Voters in Santa Clara, Santa Cruz and Monterey Counties approved sales tax increases to provide local funding for transportation, while Contra Costa County voters rejected their county’s proposed tax to fund transportation improvements.
With declining gas tax revenues and a history of the state seizing certain local revenues to cover state funding shortfalls, 11 counties throughout California put sales tax measures on the ballot to fund transportation projects. Santa Clara Measure B and Santa Cruz Measure D will raise county sales taxes by half a cent beginning next April, while Monterey County Measure X adds a 3/8 cent sales tax. Each of these measures generates funding for highway expansion and local road maintenance, and bicycle facilities. A portion of the tax revenue in each of these measures is also reserved for senior and disabled lifeline transportation services. Santa Clara County’s tax will also fund transit operations and Phase II of BART’s expansion into the South Bay, which includes stations at Alum Rock, downtown San Jose, Diridon Station and Santa Clara.
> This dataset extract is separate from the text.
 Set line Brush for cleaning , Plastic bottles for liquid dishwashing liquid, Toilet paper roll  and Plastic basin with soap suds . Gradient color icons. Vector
Perhaps a little paradoxically, Monterey County residents voted to ban fracking even as they voted for a plan in which four of every five dollars will be spent to increase road capacity throughout the county. The San Ardo oil field in Monterey County produces about 20,000 barrels of crude per day.
BART District voters approved the $3.5 billion bond measure RR, which BART says will be used to replace and repair infrastructure such as tracks, tunnels, and the electronics used for train operations.
Alameda County voters also approved the continuation of the existing parcel tax that funds transit operations.
San Francisco voters approved Proposition J, which directs the city to set aside $150 million a year from for services to the homeless and transportation improvements. Voters, however, rejected Proposition K, the sales tax measure that would have provided the funds required to fund Prop J projects.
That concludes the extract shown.